The purpose of the analysis is to find how data differs by city type and how those differences can be used by decision-makers in PyBer.
Data source: city_data.csv, ride_data.csv
We performed the analysis on the provided datasets using Python, Jupyter Notebook, and Matplot library.
- Deliverable 1: A ride-sharing summary DataFrame by city type
- Deliverable 2: A multiple-line chart of total fares for each city type
- Deliverable 3: A written report for the PyBer analysis README.md
Referring to the "Ride-sharing Summary by City Type" and "Total Fare by City Type" figures we can assume that ride-sharing is more popular in urban cities.
Figure - 1. Ride-sharing Summary by City Type.

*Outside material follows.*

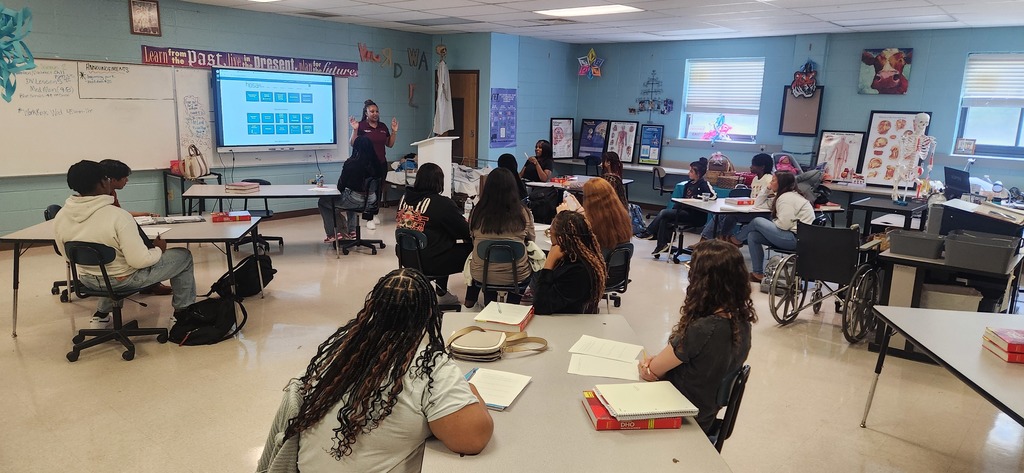 Students explored the benefits of joining HOSA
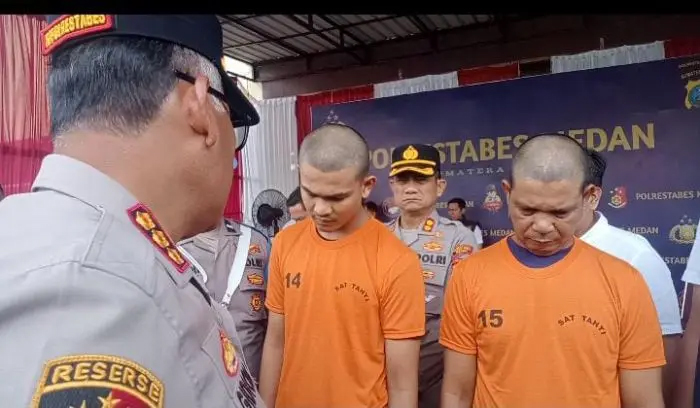 Paman dan keponakan asal Tanjungbalai diamankan saat membawa sabu ke Medan.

Figure - 2. Total Fare by City Type.
Urban cities have the lowest fare per ride. None the less the Total Fare is almost ten times higher than it is in the other types of cities. The average number of drivers in urban cities is four to nine times greater than in suburban rural cities, respectively. Also, the average number of rides in urban cities is about 4-times greater than in suburban and rural cities.
We can assume all this is a result of the larger population in urban cities. And average fare per ride in rural and suburban cities is higher because of the longer ride distance. To prove this assumption we should calculate percentages of pyBer users to the average population in that region. And calculate the average fare per mile or kilometer to determine if it is indeed higher for the suburban and rural cities.
As a summary of the performed analysis, we can suggest the following:
- Make mentioned above additional calculations to get into the nature of differences in performance between different types of cities.
- Based on the additional data adjust fare prices for rides depending on the distance.
- Popularise ride-sharing in suburban and urban cities if projected total fares growth will cover marketing expenses.